This gives us a table that displays the capture history for each individual, which is the basic data set we need. The result looks like this:

The next step in estimating population size is to count up how often each of the histories occurred - that is, we need the frequency of each capture history across the individuals in the data set. We'll get those next.

4. Make a single column of capture histories and count frequencies.

To get our counts of frequencies of our various capture histories we first need to combine the 0's and 1's into a column of capture histories, and then count up how many of the three possible histories there are - that is, how many 01, how many 10, and how many 11.

First, we will make the column of capture histories.

To make this a little easier for today, we'll filter out the June captures. Click on "Month" and un-check 6, like this. Now you will only have captures for April and May reported. Individuals who were only captured in June are dropped from the table automatically, so we won't have any 00 histories in the data (if we had only actually done a single recapture period there wouldn't be any 00 histories, so we don't want any in our data now).
Next, we need to make a new column outside of the PivotTable with the capture histories as sequences of 0's and 1's. In cell G4 type the label "Histories". In G5 type =b5&c5. The ampersand, &, is the "concatenation" operator, and it will stick the two values found in B5 and B6 together into one. Normally if you tried to enter the history 01 into a cell, Excel would assume you meant to enter the number 1 and would helpfully remove the leading 0. The concatenation operator, though, converts whatever you give it into text, so a 01 is treated as two text characters instead of a number, and the 0 is retained.
Copy and paste your concatenation formula to the rest of the rows in the pivot table (not including the grand total row, so down to G151).
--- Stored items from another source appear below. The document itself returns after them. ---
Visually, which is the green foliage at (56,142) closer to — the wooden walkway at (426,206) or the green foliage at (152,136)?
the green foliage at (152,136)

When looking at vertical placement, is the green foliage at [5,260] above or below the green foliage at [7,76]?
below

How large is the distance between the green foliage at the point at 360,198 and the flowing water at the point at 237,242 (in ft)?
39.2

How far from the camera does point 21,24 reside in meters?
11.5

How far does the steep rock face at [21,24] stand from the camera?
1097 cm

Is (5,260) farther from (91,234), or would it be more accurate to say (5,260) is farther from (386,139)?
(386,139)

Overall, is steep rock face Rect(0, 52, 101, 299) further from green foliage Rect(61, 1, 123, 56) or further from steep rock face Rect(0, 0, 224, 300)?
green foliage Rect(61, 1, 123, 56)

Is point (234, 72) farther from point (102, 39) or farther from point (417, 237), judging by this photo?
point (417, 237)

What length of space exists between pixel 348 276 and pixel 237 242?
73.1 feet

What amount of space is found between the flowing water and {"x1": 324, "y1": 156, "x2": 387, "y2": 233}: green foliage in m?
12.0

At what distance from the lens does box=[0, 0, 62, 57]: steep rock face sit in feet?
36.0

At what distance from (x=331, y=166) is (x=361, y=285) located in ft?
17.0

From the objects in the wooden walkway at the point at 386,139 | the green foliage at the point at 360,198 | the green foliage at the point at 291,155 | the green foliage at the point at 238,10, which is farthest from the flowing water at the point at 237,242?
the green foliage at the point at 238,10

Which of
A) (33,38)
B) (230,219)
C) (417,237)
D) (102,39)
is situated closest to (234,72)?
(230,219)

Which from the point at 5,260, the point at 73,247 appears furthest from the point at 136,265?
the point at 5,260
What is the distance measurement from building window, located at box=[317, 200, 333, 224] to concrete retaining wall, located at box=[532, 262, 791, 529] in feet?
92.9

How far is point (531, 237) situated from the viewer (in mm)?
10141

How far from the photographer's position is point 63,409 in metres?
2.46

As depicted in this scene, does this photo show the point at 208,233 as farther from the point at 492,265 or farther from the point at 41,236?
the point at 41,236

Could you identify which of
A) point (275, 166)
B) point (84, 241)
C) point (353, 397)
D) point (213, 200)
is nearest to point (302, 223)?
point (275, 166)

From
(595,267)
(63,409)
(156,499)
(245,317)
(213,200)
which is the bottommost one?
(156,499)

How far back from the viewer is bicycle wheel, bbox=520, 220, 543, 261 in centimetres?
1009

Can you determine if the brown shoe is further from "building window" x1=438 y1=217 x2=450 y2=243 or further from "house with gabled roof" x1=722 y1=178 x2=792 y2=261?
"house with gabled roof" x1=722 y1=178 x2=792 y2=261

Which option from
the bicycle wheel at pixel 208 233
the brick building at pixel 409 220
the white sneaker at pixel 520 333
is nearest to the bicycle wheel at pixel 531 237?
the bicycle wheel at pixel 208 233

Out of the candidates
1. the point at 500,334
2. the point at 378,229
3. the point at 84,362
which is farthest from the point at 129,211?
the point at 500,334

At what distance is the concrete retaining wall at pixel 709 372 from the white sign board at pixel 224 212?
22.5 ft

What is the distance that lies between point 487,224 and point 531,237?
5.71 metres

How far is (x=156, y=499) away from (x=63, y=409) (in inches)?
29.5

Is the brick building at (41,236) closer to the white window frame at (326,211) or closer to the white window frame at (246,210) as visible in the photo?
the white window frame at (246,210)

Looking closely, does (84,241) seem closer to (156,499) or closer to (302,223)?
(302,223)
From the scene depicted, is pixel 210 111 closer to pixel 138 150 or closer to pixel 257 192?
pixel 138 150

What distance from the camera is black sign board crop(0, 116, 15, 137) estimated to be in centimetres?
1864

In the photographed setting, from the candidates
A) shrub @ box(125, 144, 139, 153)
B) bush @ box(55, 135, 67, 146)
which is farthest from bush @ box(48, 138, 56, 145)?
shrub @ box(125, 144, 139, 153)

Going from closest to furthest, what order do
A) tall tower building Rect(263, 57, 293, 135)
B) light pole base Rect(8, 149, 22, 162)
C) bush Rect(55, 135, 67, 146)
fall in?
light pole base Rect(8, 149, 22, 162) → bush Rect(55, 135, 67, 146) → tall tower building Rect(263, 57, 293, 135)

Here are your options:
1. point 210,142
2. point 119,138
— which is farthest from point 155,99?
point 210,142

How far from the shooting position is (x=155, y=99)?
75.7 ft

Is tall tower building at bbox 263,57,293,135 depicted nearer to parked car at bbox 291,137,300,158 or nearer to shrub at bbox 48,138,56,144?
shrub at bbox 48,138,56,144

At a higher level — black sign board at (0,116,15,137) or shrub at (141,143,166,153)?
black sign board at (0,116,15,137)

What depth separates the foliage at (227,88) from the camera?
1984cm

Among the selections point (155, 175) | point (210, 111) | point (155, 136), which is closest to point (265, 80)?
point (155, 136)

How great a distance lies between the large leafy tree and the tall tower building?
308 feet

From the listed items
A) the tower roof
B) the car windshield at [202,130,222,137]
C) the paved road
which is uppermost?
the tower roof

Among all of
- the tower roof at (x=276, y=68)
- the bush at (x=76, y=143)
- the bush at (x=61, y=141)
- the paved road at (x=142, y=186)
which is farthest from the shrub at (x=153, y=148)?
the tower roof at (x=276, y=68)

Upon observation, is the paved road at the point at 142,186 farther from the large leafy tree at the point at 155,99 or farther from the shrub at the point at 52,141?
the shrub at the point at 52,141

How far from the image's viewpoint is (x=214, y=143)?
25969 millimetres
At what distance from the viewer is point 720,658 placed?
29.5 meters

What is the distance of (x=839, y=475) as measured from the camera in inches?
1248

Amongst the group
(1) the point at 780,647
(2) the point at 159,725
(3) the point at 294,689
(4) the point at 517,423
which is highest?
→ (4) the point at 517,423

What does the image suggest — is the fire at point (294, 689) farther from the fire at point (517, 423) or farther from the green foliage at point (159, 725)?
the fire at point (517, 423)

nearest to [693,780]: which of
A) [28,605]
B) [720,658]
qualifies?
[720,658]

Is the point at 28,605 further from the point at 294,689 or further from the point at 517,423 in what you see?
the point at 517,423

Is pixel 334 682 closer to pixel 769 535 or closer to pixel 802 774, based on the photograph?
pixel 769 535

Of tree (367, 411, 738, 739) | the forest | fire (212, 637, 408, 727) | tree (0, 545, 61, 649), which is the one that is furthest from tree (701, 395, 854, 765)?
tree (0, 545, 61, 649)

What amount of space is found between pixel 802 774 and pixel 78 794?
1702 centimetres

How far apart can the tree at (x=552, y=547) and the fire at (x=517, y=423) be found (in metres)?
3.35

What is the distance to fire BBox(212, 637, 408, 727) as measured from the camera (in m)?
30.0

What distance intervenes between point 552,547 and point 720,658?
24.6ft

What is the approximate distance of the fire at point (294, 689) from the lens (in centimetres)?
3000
Next, we need to count up how many of the three capture histories there are in this new column:

Click on cell G4 ("Histories") and insert a new pivot table.
This time put the new pivot table into the same sheet as the histories: you'll see an option to "Choose where you want the PivotTable report to be placed", so pick "Existing Worksheet", and select cell I1 for the table. Click "OK" to make the template for the PivotTable
You will only have one variable, Histories, to work with. Put it into the row labels, and again as the value field, and change the value field to a count. You now have a pivot table giving the histories as row labels and their frequencies next to them.

Your final table of frequencies should look like this.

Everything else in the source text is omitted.